The Amritsar Massacre

Troops under the command of Brigadier-General Reginald Dyer killed hundreds of unarmed demonstrators on 13 April 1919.

The Jallianwalla Bagh in 1919, months after the massacre.More than a million Indians fought for Britain in the First World War, 60,000 of whom were killed. In the immediate aftermath of the war, pressure for Indian independence mounted. Early in April 1919 news of the arrest of Indian nationalist leaders in the Sikh holy city of Amritsar sparked riots in which a mob went on the rampage, killing several Europeans, leaving an English female missionary for dead, and looting numerous banks and public buildings. British and Indian troops under the command of Brigadier-General Reginald Dyer were sent to restore order and Dyer banned all public meetings which, he announced, would be dispersed by force if necessary.

Despite this, thousands gathered in protest in a walled enclosure called the Jallianwala Bagh, near the city’s Golden Temple, sacred to Sikhs. Dyer marched a force of 90 Gurkha and Indian soldiers into the enclosure and, without warning, they opened fire for about 10 to 15 minutes on the panicking crowd trapped in the enclosure. According to an official figure, 379 were killed and some 1,200 wounded, though other estimates suggest much higher casualties. Many died when they leapt into a deep well to escape the gunfire. Dyer withdrew his men, leaving the dying and wounded where they lay. Dyer issued instructions that all Indians traversing the street where the woman missionary had been attacked were to crawl along it on their hands and knees. His actions were praised by the governor of the Punjab, Sir Michael O’Dwyer, and he was made an honorary Sikh by the elders of the Golden Temple. Excused from growing a beard, he did promise to cut his smoking by one cigarette a year.
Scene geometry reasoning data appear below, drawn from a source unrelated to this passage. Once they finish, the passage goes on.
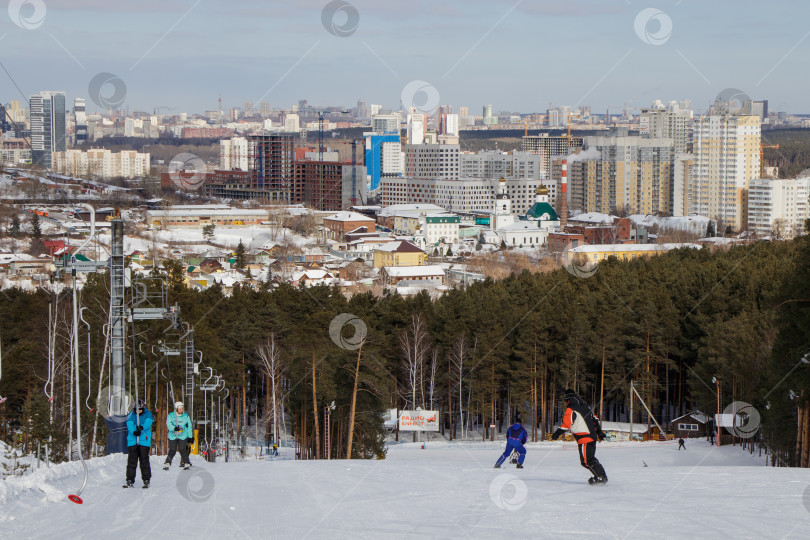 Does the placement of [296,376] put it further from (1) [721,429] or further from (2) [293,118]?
(2) [293,118]

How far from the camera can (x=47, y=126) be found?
72000mm

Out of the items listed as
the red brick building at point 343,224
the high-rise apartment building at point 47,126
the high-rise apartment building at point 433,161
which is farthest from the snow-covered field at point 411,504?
the high-rise apartment building at point 433,161

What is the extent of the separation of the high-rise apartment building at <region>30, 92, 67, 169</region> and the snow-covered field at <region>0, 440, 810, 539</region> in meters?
58.1

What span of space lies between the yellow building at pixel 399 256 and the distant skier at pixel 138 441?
44.8 meters

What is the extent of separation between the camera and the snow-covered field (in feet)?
16.1

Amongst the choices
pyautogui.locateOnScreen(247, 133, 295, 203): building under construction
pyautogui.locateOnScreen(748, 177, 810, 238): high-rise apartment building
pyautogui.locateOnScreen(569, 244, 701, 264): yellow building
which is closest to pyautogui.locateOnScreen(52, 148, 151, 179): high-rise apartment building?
pyautogui.locateOnScreen(247, 133, 295, 203): building under construction

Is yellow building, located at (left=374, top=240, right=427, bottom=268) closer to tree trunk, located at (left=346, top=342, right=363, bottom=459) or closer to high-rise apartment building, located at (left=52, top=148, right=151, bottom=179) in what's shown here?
tree trunk, located at (left=346, top=342, right=363, bottom=459)

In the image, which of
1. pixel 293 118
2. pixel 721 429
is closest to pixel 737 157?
pixel 721 429

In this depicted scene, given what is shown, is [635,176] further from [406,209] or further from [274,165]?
[274,165]

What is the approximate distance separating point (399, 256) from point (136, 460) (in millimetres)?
45789

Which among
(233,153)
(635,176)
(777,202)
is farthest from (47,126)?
(233,153)

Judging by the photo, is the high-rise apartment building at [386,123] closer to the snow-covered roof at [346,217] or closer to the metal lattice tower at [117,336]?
the snow-covered roof at [346,217]

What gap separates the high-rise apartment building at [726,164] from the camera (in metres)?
77.0

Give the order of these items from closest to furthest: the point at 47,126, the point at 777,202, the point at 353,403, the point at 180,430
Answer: the point at 180,430 → the point at 353,403 → the point at 47,126 → the point at 777,202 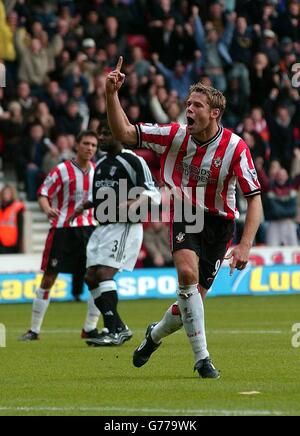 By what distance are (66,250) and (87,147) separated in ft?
3.97

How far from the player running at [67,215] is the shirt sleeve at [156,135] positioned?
4.47m

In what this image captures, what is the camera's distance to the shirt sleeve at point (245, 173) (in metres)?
9.42

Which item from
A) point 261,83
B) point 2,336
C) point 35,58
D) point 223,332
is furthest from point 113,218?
point 261,83

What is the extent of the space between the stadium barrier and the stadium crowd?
1.15m

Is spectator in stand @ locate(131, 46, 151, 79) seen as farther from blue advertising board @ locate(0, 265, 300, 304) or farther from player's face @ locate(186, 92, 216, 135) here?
player's face @ locate(186, 92, 216, 135)

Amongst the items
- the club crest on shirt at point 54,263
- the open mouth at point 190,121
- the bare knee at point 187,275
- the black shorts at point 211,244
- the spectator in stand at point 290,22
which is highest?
the spectator in stand at point 290,22

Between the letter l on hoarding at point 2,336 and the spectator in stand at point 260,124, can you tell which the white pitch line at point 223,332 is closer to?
the letter l on hoarding at point 2,336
The news of the massacre provoked fierce disapproval. Speaking in the House of Commons, Winston Churchill condemned ‘an extraordinary event, a monstrous event, an event which stands in singular and sinister isolation’. A committee under Lord Hunter, a Scottish judge, was appointed to report on what had happened. Dyer appeared before it to defend himself, but its conclusions were damning; he was strongly censured and forced to resign from the Indian Army. Opinion was divided between those who agreed with the Hunter Committee’s verdict and those who thought that Dyer had acted effectively to prevent another Indian Mutiny. The episode soured relations between British and Indian politicians for years, but it helped to gather recruits to Mahatma Gandhi’s policy of non-violent resistance to British rule.

Dyer died in England in 1927. Sir Michael O’Dwyer was assassinated in  London in 1940 by a Sikh revolutionary, Udham Singh, who had been injured at Amritsar. He was duly hanged. Gandhi condemned his action as senseless, but in some quarters in India he was praised as a heroic martyr.